また、不動産売買契約をキャンセルできるタイミングについては、契約の中ですでに決定しています。
そのため、売り手や買い手の好きなタイミングで手付金を放棄できるというわけではありません。

一般的に、手付金を放棄できるのは、“履行に着手するまで”です。
こちらは、物件を引き渡すまで、所有権移転登記の手続きが行われるまでといった、およそ契約が滞りなく成立すると考えられる行為が行われたタイミングを指しています。
詳しい履行の内容については、契約ごとにそれぞれ異なります。

もし、期日を過ぎた時点で契約のキャンセルを申し出た場合、多額の違約金が発生したり、損失を負わせた相手方に損害賠償金を支払わなければいけなかったりすることもあるため、注意が必要です。

不動産売買における“内金”って?

不動産売買における“内金”とは、売買代金の一部の支払いを言います。

契約時に手付金が支払われ、その後、引渡しまでの間に支払われるのが内金であるため、“中間金”とも呼ばれています。

これは、慣例として行われるものであり、手付金とは違って、支払いについて契約書に明記されていることは基本的にありません。

また、内金には契約の解除権(キャンセルする権利)を留保するという効力がないため、買い手が権利を放棄することで、契約がキャンセルできるということもありません。

つまり、法的な根拠がない金銭だということですね。

ただ、契約書において、“内金のうち一部を手付金として扱う”という記載がある場合、その該当する割合に応じた金額を差し引けば、契約をキャンセルすることは可能です。

ちなみに、買い手が内金と手付金をまとめて支払うというケースもあり、この場合、内金の返還請求ができるのかどうかが少し微妙になります。

とはいえ、その点について、契約書に詳しく記載されていない場合は、契約キャンセルの際に返還請求をすることで、内金は買い手の手元に戻ってくる形になります。

しかし、上記のケースでも、内金が買い手の手元に戻ってこないことがあり、その場合は、“不当利得”に該当することになります。

内金はいくらぐらいを支払うのか?

内金の金額も、手付金と同様に、法律による制限がありません。
ただ、一般的には、売買代金の20~50%が相場だと言われています。

そのため、手付金よりも高額になるということを覚えておきましょう。

また、内金には、手付金のように、不動産会社が売り手になる場合の上限が定められていません。

内金を支払うタイミングは?

手付金を支払うのは、原則不動産売買契約の締結時です。
買い手が契約の場に手付金を持参し、その場で支払います。

一方、内金は不動産売買契約時に支払う必要がありません。
基本的には、不動産売買契約が締結された後、実際物件の引き渡しが行われるまでの間に支払われます。

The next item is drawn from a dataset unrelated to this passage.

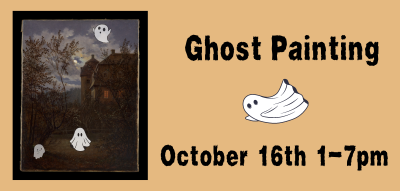 Orange/tan background with painting of a spooky house on the left with ghosts added plus text about program date and time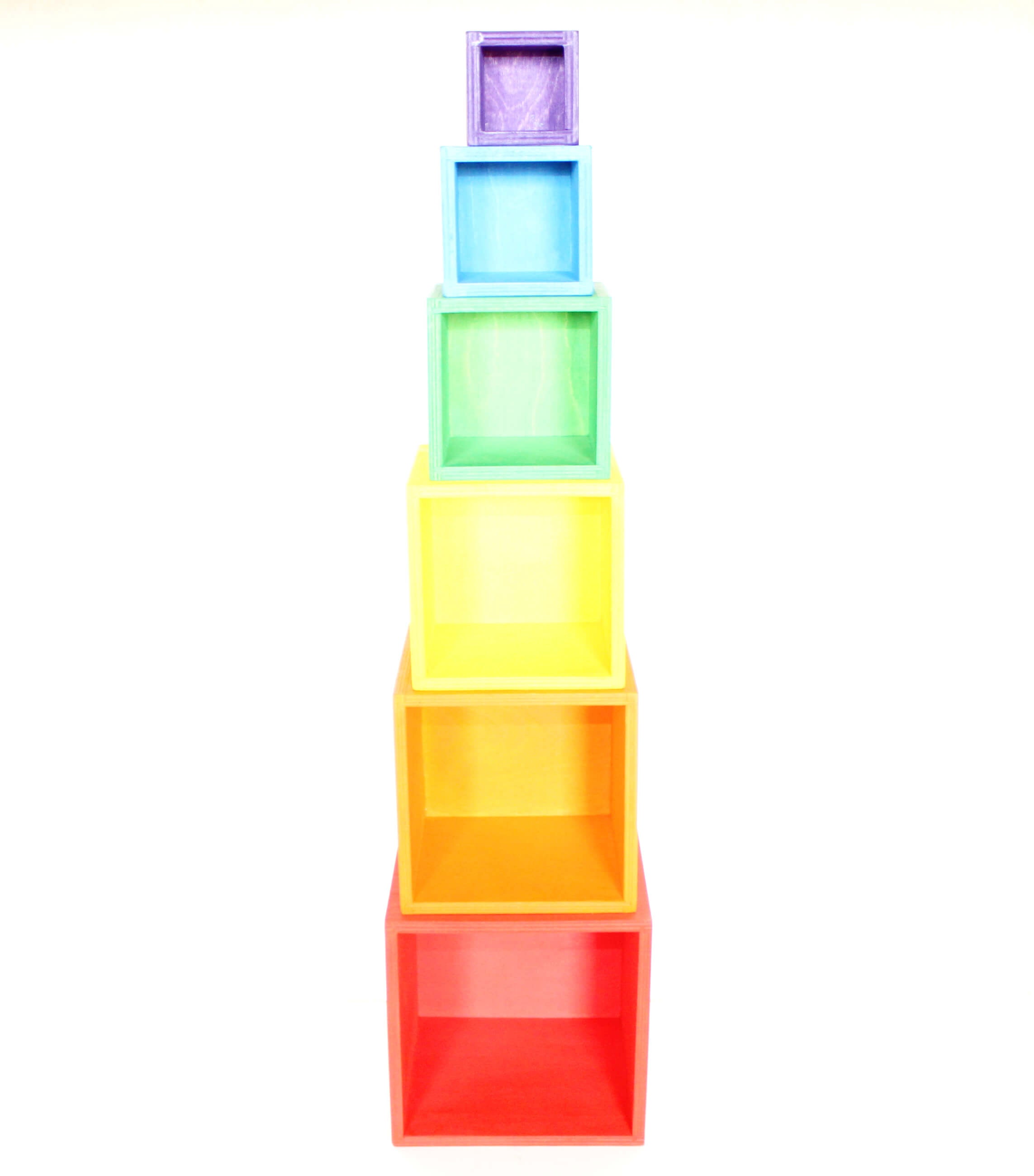 Fidtoy Cajas Apilables de Arcoíris, Juguete de Madera Encajable para Niños de 3+ años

そのため、手付金のように、大金を前日から自宅に保管しておいたり、契約当日に大金を持ち歩いたりしなくて良い可能性が高いです。

ただし、支払いのタイミングが明確に決まっていないことから、支払い忘れなどが起こりやすいため、買い手は注意が必要です。

なぜ手付金と内金は混同しやすいのか?

手付金と内金が混同しやすい理由は、やはり最終的に、手付金が売買代金の一部となるのが一般的であるためでしょう。

手付金は、元々は売買代金とは別の金銭として預けられるものであり、最初から売買代金の一部として預けられているものではないのに対し、内金は、最初から売買代金の一部として支払われているものです。

ただ、最終的には、どちらも売買代金の一部と見なされることが多いため、判別が難しいというわけですね。

それでも、実際には以下のように異なるポイントが多くあるため、このポイントを押さえていれば、混同してしまうことはなくなるでしょう。

手付金 内金
性質 契約の証拠、キャンセルの代償、
債務不履行に対する違約金
売買代金の一部
支払いのタイミング 不動産売買契約締結時 不動産売買契約締結から引渡しまでの間
金額相場 売買代金の10%以下 売買代金の20~50%
法的根拠 あり なし

手付金と内金は必ず支払うべきなのか?

手付金は、契約の証拠となり、場合によっては契約キャンセルの代償、債務不履行に対する違約金となるものです。

そのため、基本的には支払わなければいけない金銭だと言えます。
契約書にも、支払う必要があると明記されている場合が多いです。

ただ、一度支払ってしまうと、その後契約のキャンセルをする場合には、必ず権利を放棄しなければいけませんので、支払いに関しては慎重に考慮しなければいけません。

一方、内金は、基本的には支払う必要はないでしょう。

以前は、当然のように支払われていた内金ですが、現在は手付金のみを預け、最終的に手付金が売買代金の一部とされ、残りの代金を支払うという形が一般的となっています。

手付金を支払うとき、同時に内金を支払うのはNG

手付金は、不動産売買契約時に支払う金銭であり、解約手付の性質があります。
一方、内金は不動産売買契約後、引き渡しまでに買い手が売り手に支払う金銭であり、解約手付のような法的な効力はありません。

また、買い手の中には、混同しないように、いっそのこと同時にこれらの金銭を支払おうと考える方もいるかもしれませんが、こちらはNGです。

前述の通り、手付金と内金は、最終的にどちらも売買代金の一部と見なされることが多いため、区別するのが難しくなります。
それにもかかわらず、最初から手付金と内金を同時に支払ったら、その時点で区別できなくなってしまいます。

もちろん、契約成立の際、手付金か内金かを当事者間で明確にしておくことは可能ですが、できる限りこれらの金銭が交わらないような環境をつくるべきです。

内金に似た申込金という金銭もある

手付金と内金は、どちらも似たような性質を持っているため、混同しやすいですが、実は他にも似たような金銭が存在します。
それは、内金と似ている申込金です。

申込金は、申込証拠金とも呼ばれるものであり、他の買い手が契約する前に、その物件を押さえておく意味で買い手が支払うものです。
つまり、今後その物件を購入する意思を示すための金銭であり、実際不動産を購入する際は、売買代金から申込金を差し引いた金額を支払います。
そのため、スムーズに不動産売買が成立すれば、買い手に返還されるということはありません。

また、こちらは内金と同じように、法的な根拠がありません。
売主側である不動産会社独自のルールであるため、手付金などとは違い、売主本人がこちらの金銭にかかわることはほとんどないと言えます。

ちなみに、内金の詳細について、不動産売買契約書に詳しく記載されていない場合は、契約をキャンセルしたとき、買い手の手元に返還されるのが一般的です。
こちらに関しては、申込金も同じであり、契約を解除すれば買い手が支払った金額は返還されます。

手付金と内金の区別がつきにくい方は、こちらの申込金も混同する可能性があるため、注意が必要です。

まとめ

ここまで、不動産売買における手付金、内金の違いについて詳しく解説してきましたが、いかがだったでしょうか?

これまで上記2つの金銭が混同していた方も、違いを理解していただけたかと思います。

ただ、これから不動産売買を検討されている方は、双方の違いを理解しておくだけでなく、実際不動産売買の現場において、これらの知識を活かせるようにしておかなければいけません。